Why does scanf not working with regex and dynamic allocation

Question

I'm trying to use scanf with a char pointer to store a string. In case of ENTER key stroke, I want it to be catched. I know I could use fgets but I'm curious to know if it's possible so I managed to write the following code:

#include <stdio.h>
#include <stdlib.h>

int main(void)
{
    char *string = NULL;

    printf("Type anything : ");

    scanf("%*[^\n]%10[^\n]ms", string);

    printf("Your input : %s\n", string);

    free(string);

    return EXIT_SUCCESS;
}

But doesn't seems to work well. Here's the output :

Type anything : 123
Your input : (null)
Type anything : 
Your input : (null)

How can I make my program to display the string correctly ?

Answer 1

The first thing you need to know before I explain your issue is that %[^\n] will fail if the first character to be read is a \n.

Now lets analyze what scanf("%*[^\n]%10[^\n]ms", string); means:

1. %*[^\n] scans everything until a newline character, but doesn't scan in the final \n.

2. %10[^\n]ms doesn't really do what you think it does:

   • Remember! %s and %[ are two different format specifiers! The trailing s is not part of the %[ specifier.
   • You got the m at the wrong position.

   
   Correcting these, it should be %10m[^\n] which scans everything until a newline character or a maximum of 10 characters, whichever happens first, and also allocates enough memory to hold this string.

Another bug is that m expects a char**, not a char* and so, you should be supplying &string and not just string.

Now, lets execute your scanf (after correcting the above mistakes)!

1. Execution reaches the scanf and scanf waits for input.
2. You type 123\n.
3. %*[^\n] scans and discards the 123, sees the \n, and stops scanning, not consuming the \n.
4. %10m[^\n] sees the \n and fails for the reason given in the first sentence of my answer.
5. scanf returns 0 (since nothing was scanned and assigned successfully) and scanf completes execution.
6. printf prints (null) since string is still NULL.

Ok, so we now saw what went wrong.
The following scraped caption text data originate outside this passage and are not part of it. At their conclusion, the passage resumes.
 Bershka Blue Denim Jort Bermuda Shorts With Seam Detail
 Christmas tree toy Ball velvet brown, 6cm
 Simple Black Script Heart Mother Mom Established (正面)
The real question is, why do you have %*[^\n] at the start of scanf for this small program? Remove it and everything will work as expected!

---

Suggestions:

1. Add scanf("%*[^\n]"); getchar(); after the scanf so that the rest of the input (if any) along with the final \n gets popped out of the stdin and future reads will not be problematic.
2. Check the return value of scanf to see if it was successful or not. RTFM to know what it returns.

---

Fixed code ^_(Untested)

#include <stdio.h>
#include <stdlib.h>

int main(void)
{
    char *string = NULL;

    printf("Type anything : ");

    if(scanf("%10m[^\n]", &string) != 1)
    {
        fputs("Uh, oh! `scanf` failed! Exiting...\n", stderr);
        return EXIT_FAILURE;
    }
    scanf("%*[^\n]");
    getchar();

    printf("Your input : %s\n", string);

    free(string);

    return EXIT_SUCCESS;
}

---

^{This answer assumes that your implementation supports the m format specifier}

Answer 2

The [ format specifier (conversion, really) for scanf() specifies a character range of accepted (or, if it starts with [^, rejected) characters. It is not a regular expression.

You need to either declare string as a fixed-length array, or use malloc() to allocate memory for it.
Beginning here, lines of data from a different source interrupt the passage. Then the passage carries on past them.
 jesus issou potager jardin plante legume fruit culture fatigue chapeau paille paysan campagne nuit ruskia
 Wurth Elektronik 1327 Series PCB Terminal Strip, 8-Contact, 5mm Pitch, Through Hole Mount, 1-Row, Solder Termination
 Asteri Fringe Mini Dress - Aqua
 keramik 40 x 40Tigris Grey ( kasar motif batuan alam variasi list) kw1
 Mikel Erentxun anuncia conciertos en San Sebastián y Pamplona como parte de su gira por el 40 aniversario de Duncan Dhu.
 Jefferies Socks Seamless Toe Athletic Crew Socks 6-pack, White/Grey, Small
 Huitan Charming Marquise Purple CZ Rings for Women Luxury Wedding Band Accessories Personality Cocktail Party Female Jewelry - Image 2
The following modified version uses a fixed-length string of 99 characters plus a string terminating \0 (i.e. 100 char long):

#include <stdio.h>
#include <stdlib.h>

int main(void)
{
        char string[100];

        printf("Type anything : ");

        scanf("%99s", string);

        printf("Your input : %s\n", string);

        return EXIT_SUCCESS;
}

The following variation of the code uses a dynamic array for doing the same thing:

#include <stdio.h>
#include <stdlib.h>

int main(void)
{
        char *string;

        string = malloc(100);

        if (string == NULL) {
                puts("Something went wrong");
                abort();
        }

        printf("Type anything : ");

        scanf("%99s", string);

        printf("Your input : %s\n", string);

        free(string);

        return EXIT_SUCCESS;
}

To use regular expressions in C un a Unix system, look up the regcomp() function declared in the regex.h header.